Laurence Oliphant, who enjoyed a high standing in the British establishment, presented Prime Minister Benjamin Disraeli and the Minister for Foreign Affairs, Lord Salisbury, with his ‘Plan for Gilead’ in 1879. The plan – which postulated the Jewish colonisation of the northern lands of Biblical Israel – was then published as a book in 1880 under the title The Land of Gilead. Oliphant even won an assurance of £40,000 for the enterprise from the Palestine Exploration Fund, which would arise as a 25-year lease. Thanks to the support of Disraeli and Salisbury, in 1879 Oliphant left to explore the Levant. Once his investigations were complete, he travelled to Istanbul where he sought a firman –the permission of the Turkish Sultan – for the settlement in Gilead of a Jewish colony. Though having failed in that bid, Oliphant tried again in 1882 and 1883 in the wake of the 1881 pogroms. He worked directly with Jewish refugees in the Pale of Settlement and co-operated with the newly arisen Hovevei Zion societies there and in Romania.
The Impact of Daniel Deronda
George Eliot published Daniel Deronda in 1876. The titular hero is a young English gentleman who discovers his Jewish origins and becomes captivated by the Zionist vision of a Jewish mystic named Mordechai/Ezra. Ultimately, he determines to dedicate his life to building a Jewish national home in Palestine. The novel, which was rapidly translated into numerous languages – there were three translations into Russian within a year alone – commanded enormous popularity within the Diaspora and inspired leading Zionists including Albert Goldsmid, leader of Hovevei Zion in Britain, and Emma Lazarus, the American poet who penned the famous verse found at the pedestal of the Statue of Liberty. On the continent, Deronda inspired an untold number of Jewish readers. Worthy of mention among the more prominent are: Rabbi Professor David Kaufmann of Budapest, who published a significant tract on the novel in 1877; Moritz Schnierer, who together with Nathan Birnbaum went on to found the Viennese group of student-Zionists, Kadimah, in 1883; Eliezer Ben-Yehuda, the father of modern Hebrew; and Peretz Smolenskin, the publisher of the highly influential Hebrew-language journal Ha-Shahar (Vienna). As his diaries indicate, Theodor Herzl also acquainted himself with Daniel Deronda, and prior to writing Der Judenstaat. Among the many other Jews upon whom Eliot’s novel exerted an influence (especially in the context of the Second Aliya) was father of modern Israel David Ben-Gurion and writers such as Isaac Leib Peretz and Abraham Goldfaden.

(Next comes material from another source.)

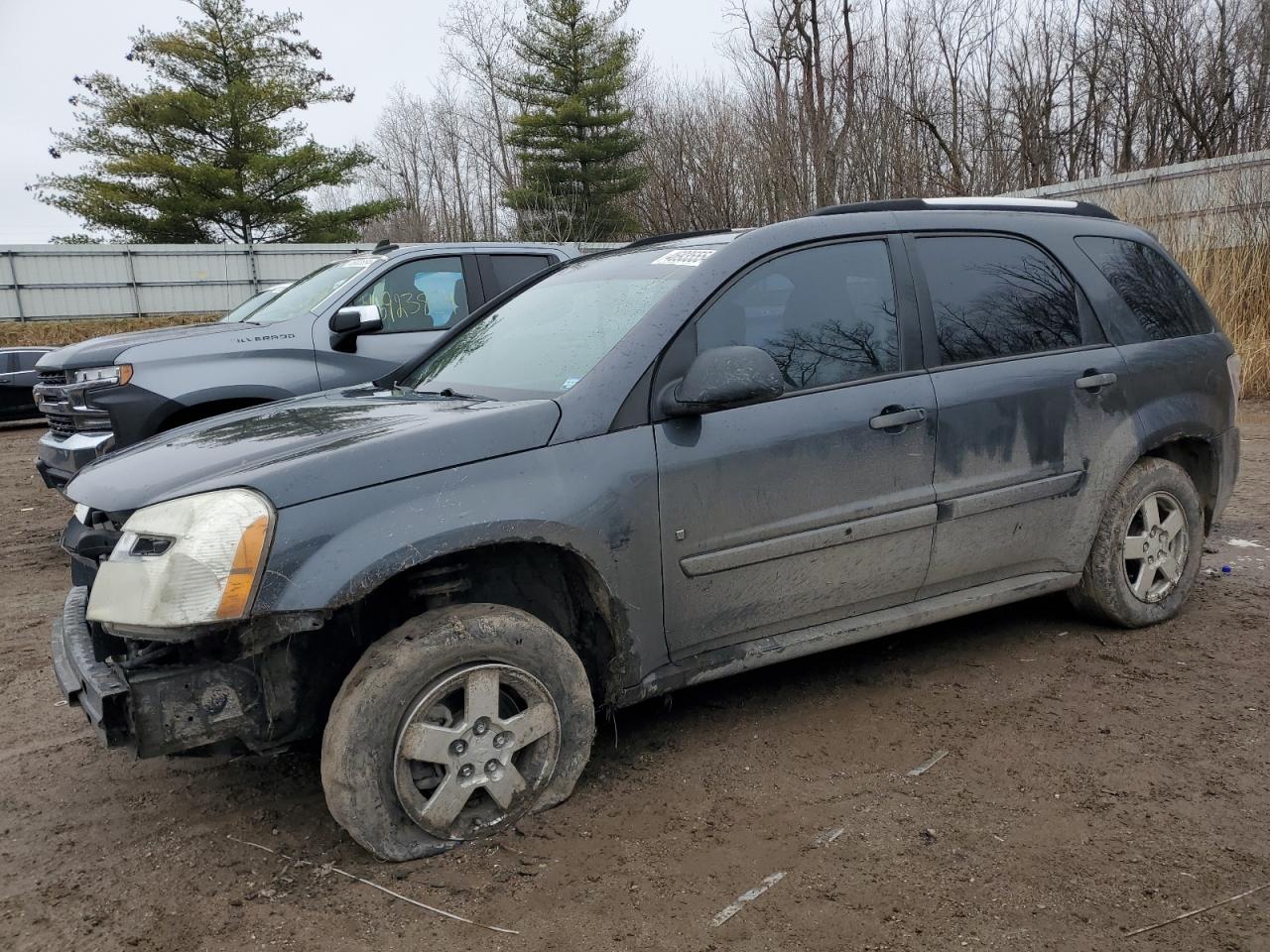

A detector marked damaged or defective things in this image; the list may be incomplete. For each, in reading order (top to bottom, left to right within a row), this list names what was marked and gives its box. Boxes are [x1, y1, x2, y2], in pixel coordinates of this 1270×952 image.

damaged chevrolet equinox [57, 197, 1238, 861]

David Frischmann’s Hebrew translation of Daniel Deronda was published in 1893 in Warsaw. However in December 1876, the British press reported that the leading Hebrew-language weekly Ha-Magid, published by David Gordon in Ełk (north-eastern Poland), had been printing important fragments of the novel in Hebrew, ones that were being republished in the Hebrew press in Germany, Russia, Poland and even Jerusalem. In 1877, Daniel Deronda appeared in German and Dutch, and in 1878 Calmann Lévy published it in French. By 1883 there was even an Italian translation.
On the basis of Eliezer Ben-Yehuda’s autobiography A Dream Come True (available only in Hebrew), Shalom Goldman wrote:
Ben Yehuda … tells of the rabbinic education he rejected and of the secular Jewish nationalist vision that replaced it. His life task … would be ‘the restoration of Israel and its language on the land of its ancestors’. To his dismay, Perlman/Ben-Yehuda’s Orthodox yeshiva teachers and fellow students rejected his Zionist ideas. One yeshiva friend, though, did not reject him. Rather, he told Perlman of ‘an English story he had read in the monthly Russian journal Vestnik Evropi in which a man was described who had a vision similar to [Perlman’s] own … It was the novel Daniel Deronda, by George Eliot’. ‘After I had read the story a few times’, Perlman wrote, ‘I made up my mind and I acted: I went to Paris … in order to learn and equip myself there with the information needed for my work in the Land of Israel’.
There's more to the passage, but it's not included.